Sia Luisa Sassu, sia Michele Piras hanno smontato nel dettaglio quest’idea falsa e bugiarda. Soprattutto hanno dimostrato come questa classe politica incapace di affrontare e tentare di risolvere la grave crisi economica e occupazionale che colpisce soprattutto le giovani generazioni, scarichi sul funzionamento delle istituzioni tutte le loro responsabilità. Le conseguenze del Jobs Act, del Fiscal Compact, della Buona Scuola non sono colpa della Carta Costituzionale; sono i risultati di politiche scellerate che si occupano solo di limitazioni dei diritti e di taglio del welfare invece di pensare agli uomini e alle donne di questo Paese: come l’incredibile aumento del numero dei licenziamenti e del ricorso ai voucher documentato dall’Istat.
Altra bufala, quella del risparmio sui costi della politica: per 50 milioni di euro in meno, vale a dire il costo di un caffè per ogni cittadino italiano, si attaccano violentemente i presìdi di democrazia. Altro che eliminazione del bicameralismo. Il Senato, che continuerà ad esistere, sarà completamente snaturato nella sua composizione. Sarà formato da 100 nominati – 95 dei quali sindaci e consiglieri regionali – che godranno tutti dell’immunità parlamentare e che concorreranno all’elezione del nuovo Capo dello Stato e dei giudici della Consulta espressi dal Parlamento. Con il ‘combinato disposto’ – ‘orribile parolaccia’, l’ha definita Michele Piras – il partito che vincerà le elezioni, sulla base dell’Italicum, avrà il pieno controllo dei più importanti poteri dello Stato, anche quelli di vigilanza.
E’ questa la nuova democrazia che serve all’Italia e all’Europa in una fase storica nella quale si stanno accentuando gravi fenomeni di razzismo e xenofobia? Proprio ora sarebbe invece indispensabile una piena e vera applicazione dei princìpi dalla Carta Costituzionale, non una loro subdola, sotterranea e costante violazione come sta avvenendo con provvedimenti di legge che cancellano anche i diritti tutelati dalla prima parte della Costituzione, come il diritto al lavoro.
Tra i 47 articoli rivisitati in modo spocchioso e pasticciato ci sono anche quelli relativi alle autonomie locali. E su questo si sono soffermati i due sindaci e Roberto Mirasola, il quale, in particolare, ha spiegato come la riforma attacca pesantemente il ruolo politico delle regioni. Certo, si fa un generico riferimento alla salvaguardia delle Regioni a Statuto Speciale, ma come si farà a giustificare, alla luce di queste modifiche, un diverso trattamento con le Regioni a Statuto Ordinario? Quanti e quali ricorsi pioveranno sul tavolo della Corte Costituzionale. E chi deciderà sui temi dell’energia (per esempio il nucleare o il deposito nazionale delle scorie), e sulle trivelle, e sugli inceneritori?
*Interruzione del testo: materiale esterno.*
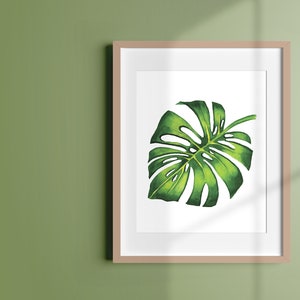 Monstera Watercolor Print, Unframed Art Print, Green Tropical Leave Art, Watercolor Botanical Artwork, Monster Gift Idea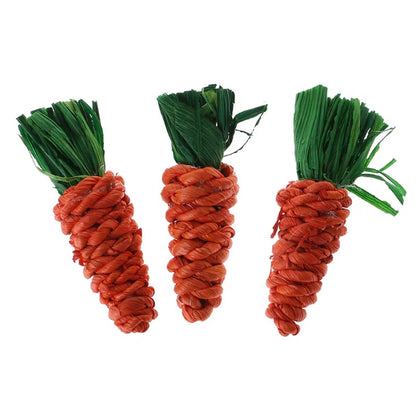 Fashion 3Pcs/Set Carrot Shaped Rabbit Hamster Chew Bite Toys Hamster Guinea Rabbit Rat Toys Guinea Pig Tooth Cleaning Toys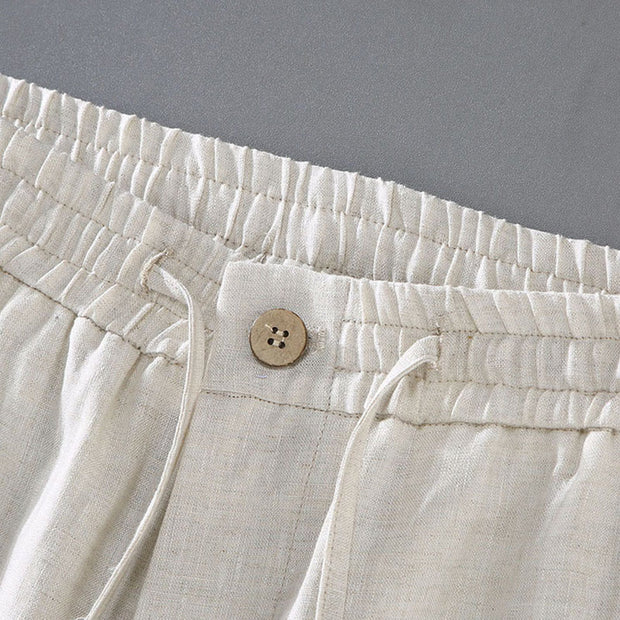 Buddha Stones Summer Solid Color Drawstring Button Design Men's Linen Shorts With Pockets - image 5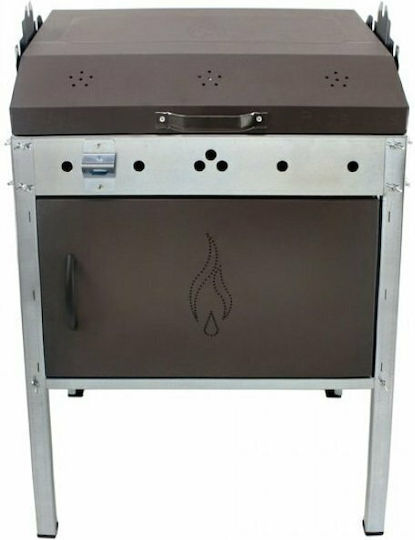 Pitsilos Galvanized Charcoal Grill with Lid 55cmx40cm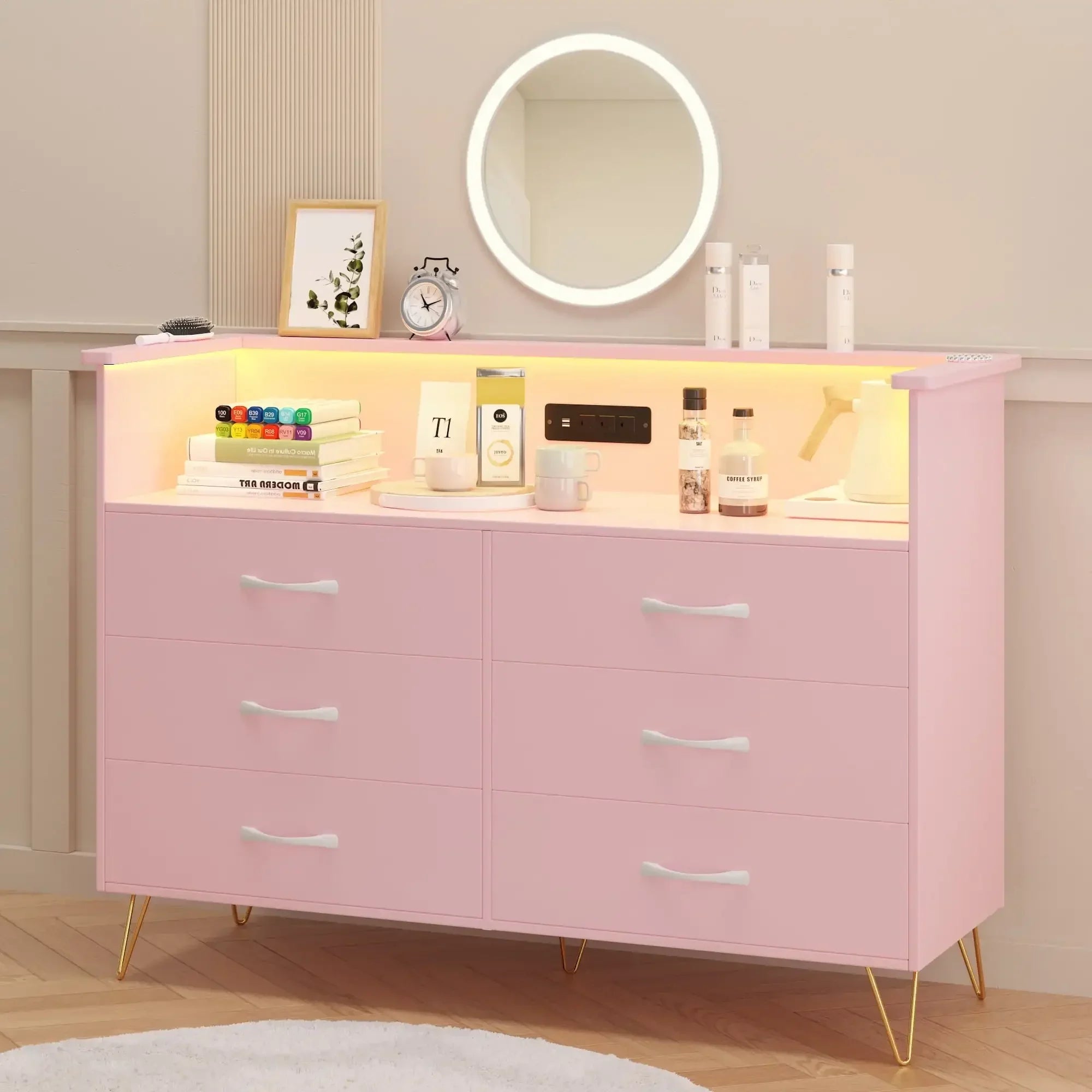 Dresser for Bedroom 6 Drawer with LED Light & Charging Station, Wooden Dressers and Chests of Drawers with 2-Tier Open Shelves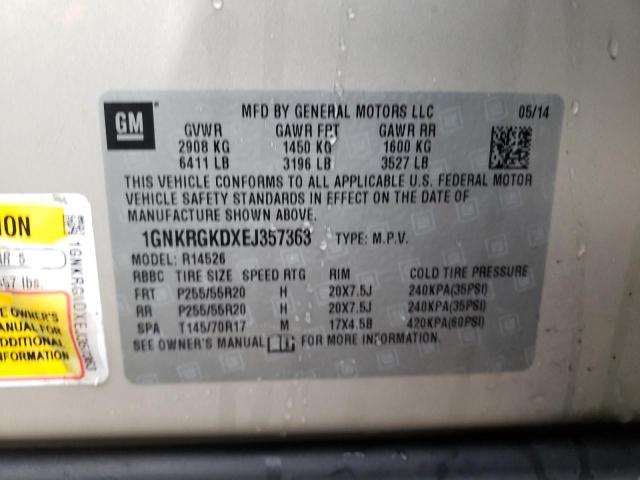Photo 14 from auction – 2014 CHEVROLET TRAVERSE L with VIN 1GNKRGKDXEJ357363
Con uno Stato sempre più centralizzato e autoritario, chi subirà maggiormente le conseguenze dell’insoddisfazione dei cittadini? Le istituzioni a loro più vicine, vale a dire gli Enti Locali, i Comuni, in particolare. Su questo si sono soffermati con grande competenza e passione sia Enrico Collu, sia Luisa Murru, i due sindaci. I disastri fatti dal patto di stabilità che oggi viene chiamato ‘Bilancio Armonico’ hanno impedito di fatto agli amministratori locali di operare nel modo migliore. Anche per questo bisogna tornare allo spirito originario della Carta Costituzionale e opporsi a questa riforma che rischia di condizionare pesantemente il futuro della nostra democrazia. Bisogna proiettarsi davvero al futuro – ha concluso Luisa Murru – e pensare che, comunque, prima o poi, Renzi e i suoi andranno a casa, ma la Carta Costituzionale resterà. Come la vogliamo? Come l’hanno costruita i Padri Costituenti o come l’hanno riscritta Renzi-Boschi-Verdini?